#### [TASK TO COMPLETE]
Write each line out exactly, from the one containing "韓國同志歌手Holland自曝被毆打及語言羞辱" through the final line of the data, and keep pictures out of the copy.
---------- DATA SUPPLIED
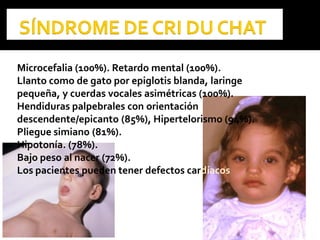 Microcefalia (100%). Retardo mental (100%).
Llanto como de gato por epiglotis blanda, laringe
pequeña, y cuerdas vocales asimétricas (100%).
Hendiduras palpebrales con orientación
descendente/epicanto (85%), Hipertelorismo (94%).
Pliegue simiano (81%).
Hipotonía. (78%).
Bajo peso al nacer (72%).
Los pacientes pueden tener defectos cardíacos
 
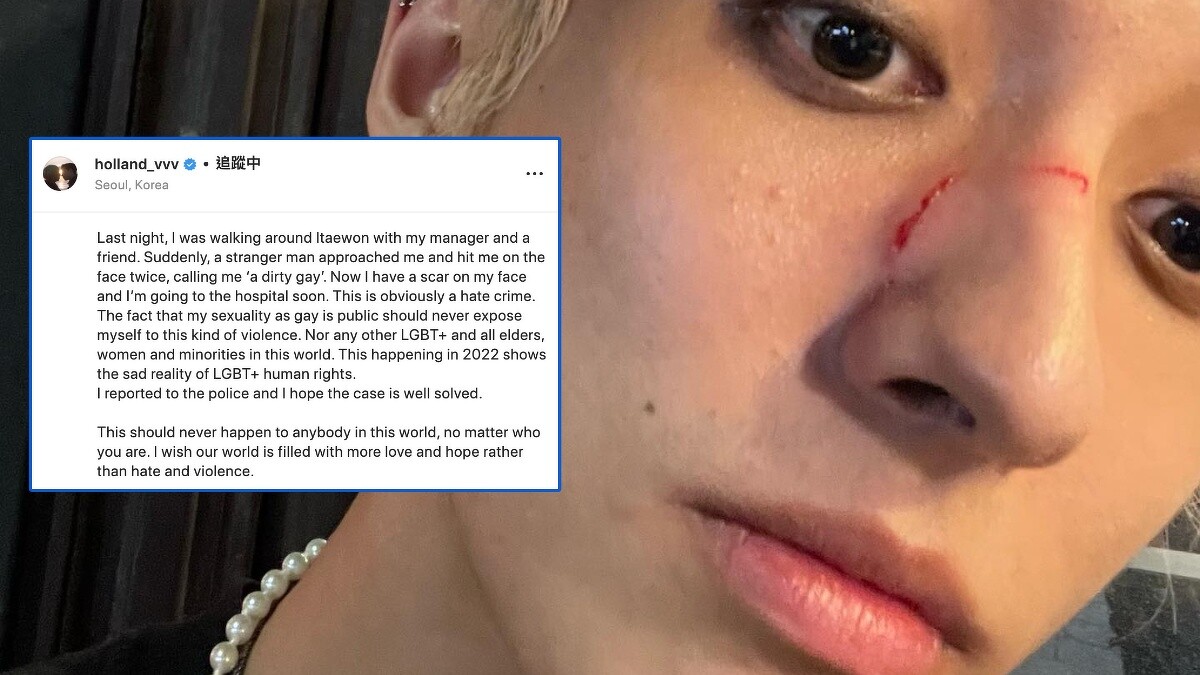 韓國同志歌手Holland自曝被毆打及語言羞辱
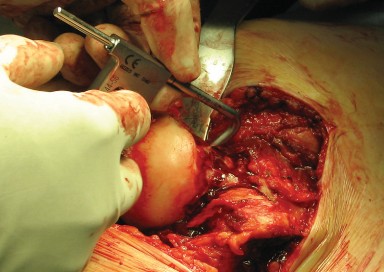 Illustration 40 for Figure Hip Resurfacing: Who Benefits and Who Should Avoid It?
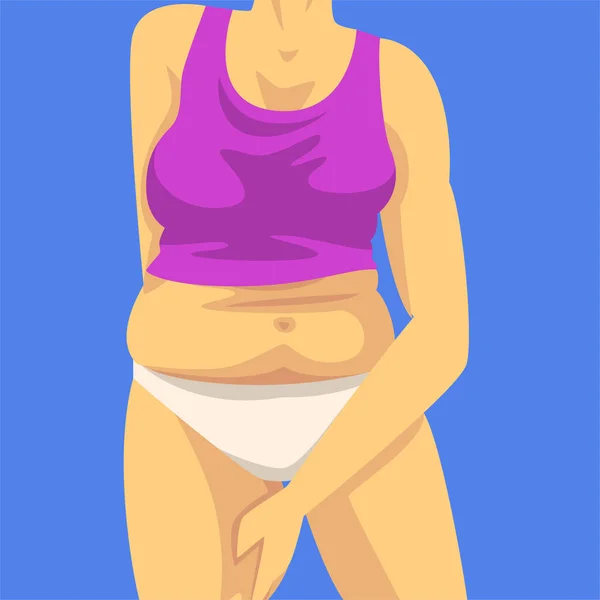 Deel van vrouwelijk lichaam met dikke buik, vrouw span vouw van hip met haar hand, menselijke figuur na gewichtsverlies, obesitas en ongezonde eten problemen vector illustratie — Stockvector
--------------------
#### [RESPONSE TO THE TASK]
 韓國同志歌手Holland自曝被毆打及語言羞辱
 Illustration 40 for Figure Hip Resurfacing: Who Benefits and Who Should Avoid It?
 Deel van vrouwelijk lichaam met dikke buik, vrouw span vouw van hip met haar hand, menselijke figuur na gewichtsverlies, obesitas en ongezonde eten problemen vector illustratie — Stockvector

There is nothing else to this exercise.